Russian intelligence services have now adapted their thinking about how to optimally integrate cyber and conventional capabilities.
With the main thrust of Russia's anticipated summer offensive underway, it is an opportune moment to take stock of the significant and underappreciated changes that have taken hold in Moscow’s approach to cyber operations in Ukraine.
Much Western analysis to date has fixated on Russia’s highly visible opening cyber offensive, the merits of its approach, and the potential for a renewed destructive campaign of a similar nature against Ukrainian critical infrastructure. This focus is misplaced, however, and has anchored Western understanding of the war’s cyber dimensions to Russia’s countervalue strategy to amass societal pressure via the widespread sabotage of computer networks – an approach that has not seen primacy since the invasion’s first year when assumptions about a short war still guided Russia’s theory of victory.
The harsher reality is that Russia’s intelligence services have adapted their posture in cyberspace to the demands of a long war. Mounting evidence, stretching back to the months preceding Ukraine’s counteroffensive in 2023, indicates that multiple Russian cyber units have shifted their sights away from strategic civilian targets toward soldiers’ computers and mobiles endpoints in order to enable tactical military objectives on Ukraine’s frontlines. This change in operational focus has been cross-cutting, with Russian military intelligence (GRU) and the domestic security service (FSB) – long renowned for rivalry and mistrust – unifying their earlier disjointed cyber efforts and systematising a series of tradecraft adaptations intended to increase their military effectiveness.

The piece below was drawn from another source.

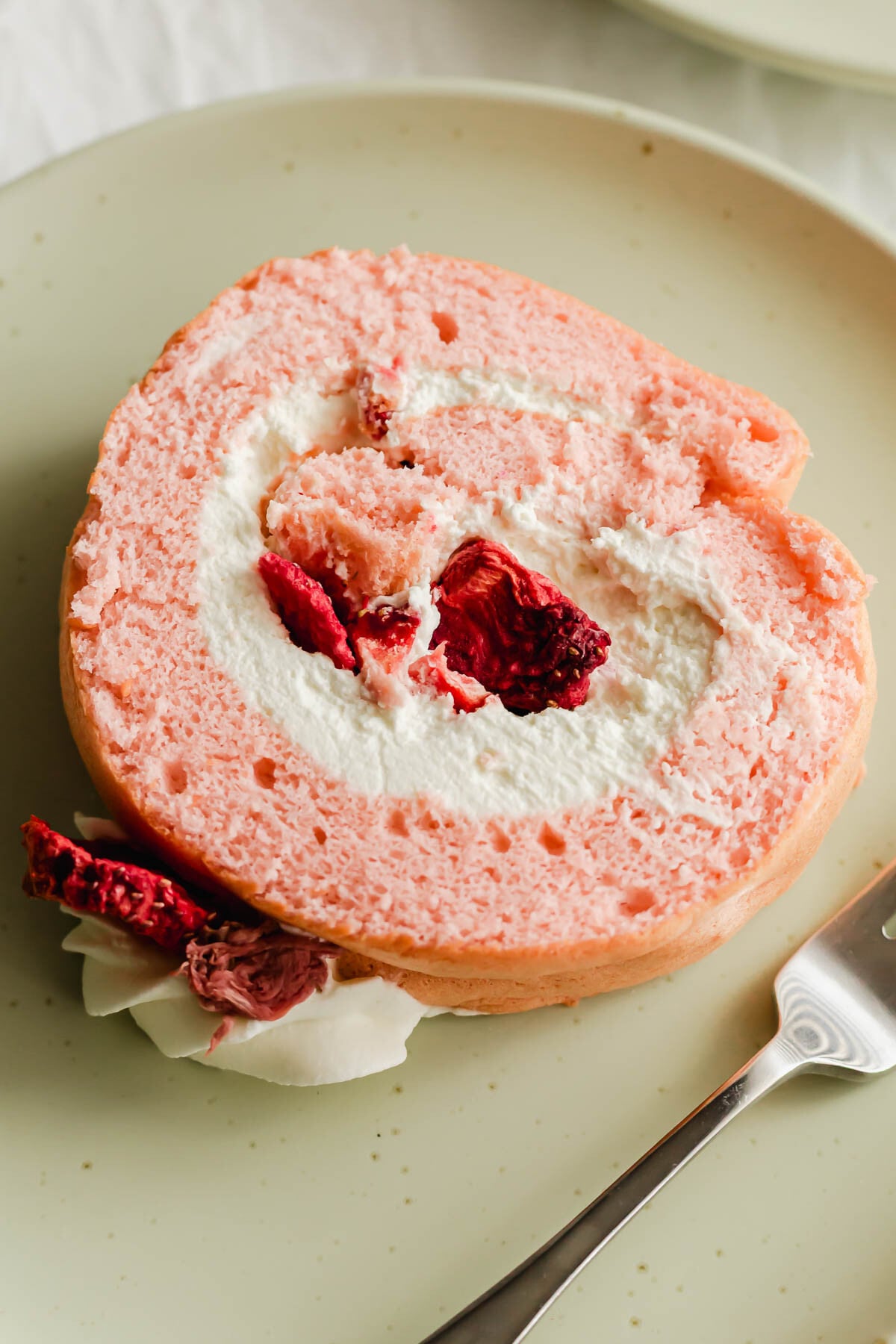 Close up of Cherry blossom strawberry roll cake on green plate with fork.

This has been a relative shift in priorities rather than a complete overhaul of Russia's wider strategy. There remain patterns of operational activity indicative of sustained interest in Ukrainian critical infrastructure objects that would hold no immediate intelligence value, and therefore likely represent preparations for future sabotage. What is clear, however, is that Moscow has rebalanced its overarching concept of operations to emphasise targets that can provide more direct and tangible battlefield advantages to its conventional forces.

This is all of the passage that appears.